En revanche, le système multilatéral, qui dispose de mécanismes de coopération, de dialogue et de règlement des conflits, est capable de traiter la philosophie de la « résolution des crises ». Parce que cette philosophie accomplit l’intérêt collectif du monde entier. La nouvelle guerre froide, avec les crises qui s’en dégagent, est un symptôme du conflit entre les deux puissances.

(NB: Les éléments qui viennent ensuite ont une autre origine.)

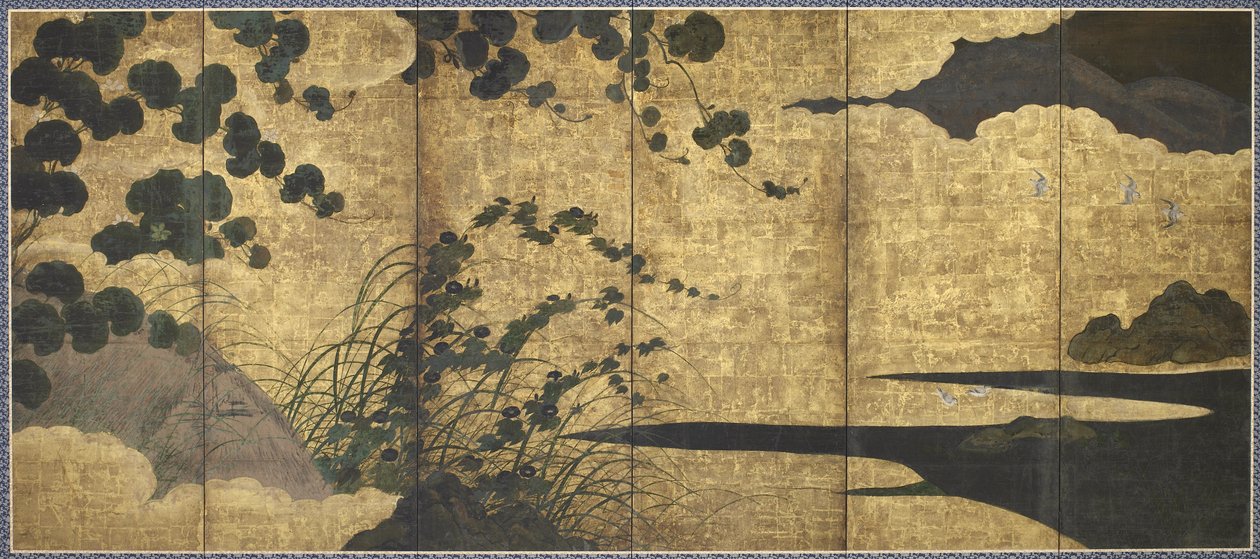 Vinrankor, hydda, gräs och strandfåglar, Momoyama-perioden, 1568-1615 (guld, bläck och färg på papper) av Japanese School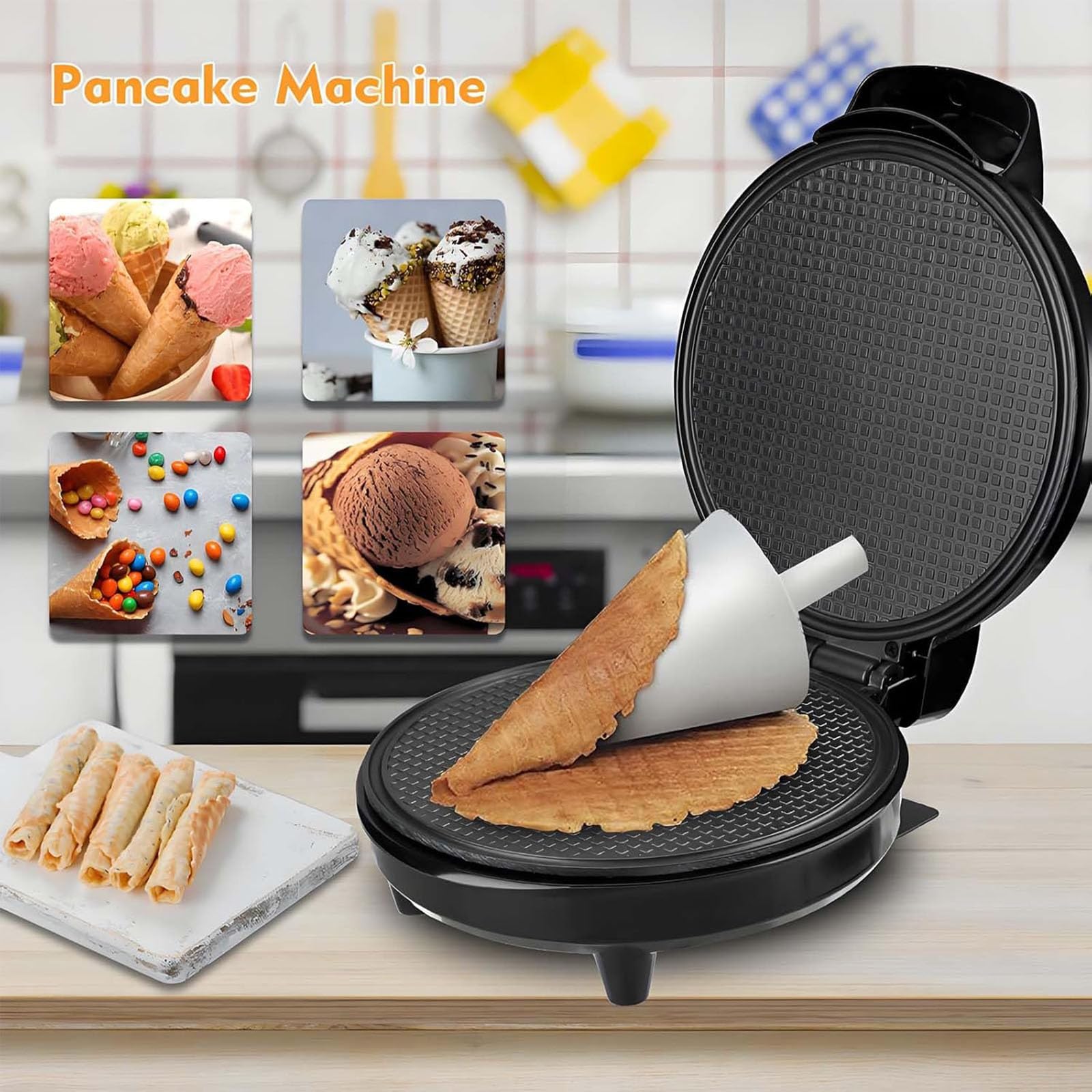 Máquina para hacer conos de gofre, rollitos de huevo antiadherentes, bandeja eléctrica para hornear conos de helado de 1000 W, herramienta de cocina para hacer crepes y sándwiches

Le Moyen-Orient entre le marteau et l’enclume
Ce qui s’est passé au Moyen-Orient au cours des cinq dernières années confirme que les nouvelles politiques de la guerre froide nuisent aux intérêts des États-Unis, de l’OTAN et des pays arabes du Moyen-Orient en particulier. Pendant cette période, l’influence des États-Unis dans la région s’est largement rétrécie depuis la fin de la guerre froide. Par conséquent, la polarisation régionale s’est intensifiée au plus haut niveau, sous l’impulsion de facteurs régionaux et internationaux. D’autant plus que le niveau de stabilité politique intérieure a atteint son point le plus bas depuis la fin de la Seconde Guerre mondiale. Les pays de la région sont devenus une rampe de lancement pour les migrations illégales du sud et de l’est de la Méditerranée vers l’Europe. Quant à Israël, il s’est transformé en un état d’extrémisme religieux et de nationalisme. Alors que la Russie tente de former un nouvel axe politico-militaire avec l’Iran et les marchés de la Chine et de l’Extrême-Orient. Ces pays émergeants sont devenus le centre des relations économiques extérieures des pays de la région.

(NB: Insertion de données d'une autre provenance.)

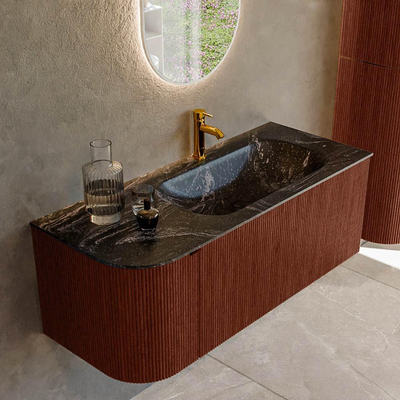 Mondiaz KURVE-DLUX Badkamermeubelset - 115x46x40cm - 1 lade - 1 deur - wastafel solid surface - rechts - 1 kraangat - Ruby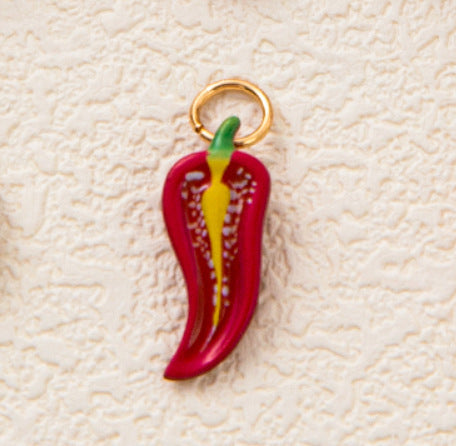 Sweet Geometric Drip Oil Plated Stainless Steel Pendant on Brass Chain Unisex Necklace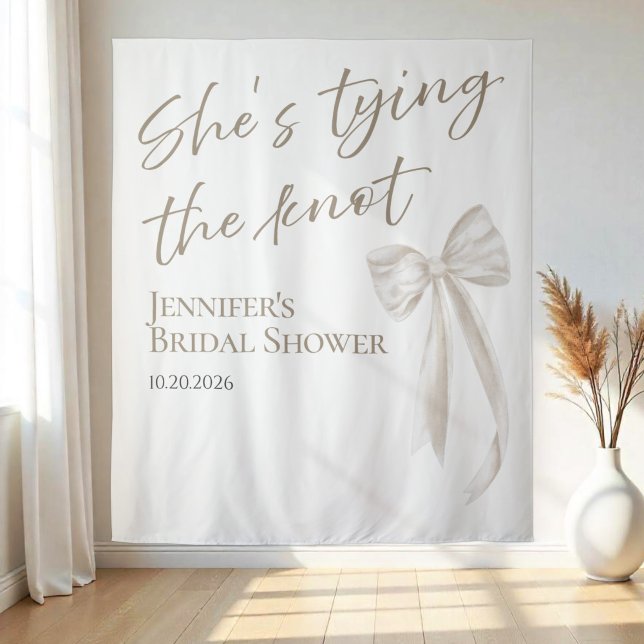 She's Tying the Knot | Bridal Shower Backdrops Tapestry (Creator Uploaded)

Or, comme précédemment mentionné, les crises de cette région ne sont pas différentes des crises qui sévissent sur notre planète. Elles sont de nature complexes, interdépendantes, voire entrelacées par des facteurs politiques, environnementaux, technologiques, sociaux, économiques, régionaux et internationaux. Ignorer ces crises ou les traiter avec des tranquillisants ou des politiques partielles ne fonctionne pas. Pour trouver des solutions des crises complexes, les hommes politiques compétents doivent nouer les liens de solidarité entre l’État et la société pour renforcer la résilience et mettre fin à l’impact des facteurs de déclin et de retard, mais aussi pour consolider les capacités du développement novateur. Sinon, la région continuera de pousser ses citoyens, menés par de jeunes demandeurs d’emploi, à l’immigration illégale vers l’Europe. En outre, si la guerre froide perdure, les inégalités et la concentration de la richesse au Moyen-Orient s’accentueront en propageant, d’une part, la pauvreté et l’injustice et, d’autre part, de fortes disparités de niveau de vie qui aboutiront certainement à la disparition de la classe moyenne. C’est une recette idéale non seulement pour les explosions sociales mais également pour les troubles politiques, d’autant plus que les répercussions les plus graves de la nouvelle guerre froide, telle que nous la voyons, sont : la hausse des prix des produits alimentaires et de l’énergie, la récession, le manque de possibilités d’emploi, l’aggravation des crises de déficits budgétaires et d’endettement et l’effondrement de la valeur des monnaies locales (comme nous le constatons dans les pays arabes endettés : le Soudan, le Liban, la Tunisie et l’Égypte). Les pays arabes, en particulier les pays pauvres, qui importent de l’énergie et des denrées alimentaires, paient le prix de crises mondiales complexes plus que d’autres. C’est pourquoi ils ont un besoin urgent de dialogue et de coopération avec le monde qui les entoure afin de créer de meilleures conditions pour la croissance et la stabilité, mais aussi d’accroître leur capacité de créer, voire de promouvoir leurs énergies les aidant à affronter et vaincre ces crises. Cela exige un véritable dialogue pour sortir de ces crises chroniques plutôt que de les « gérer ».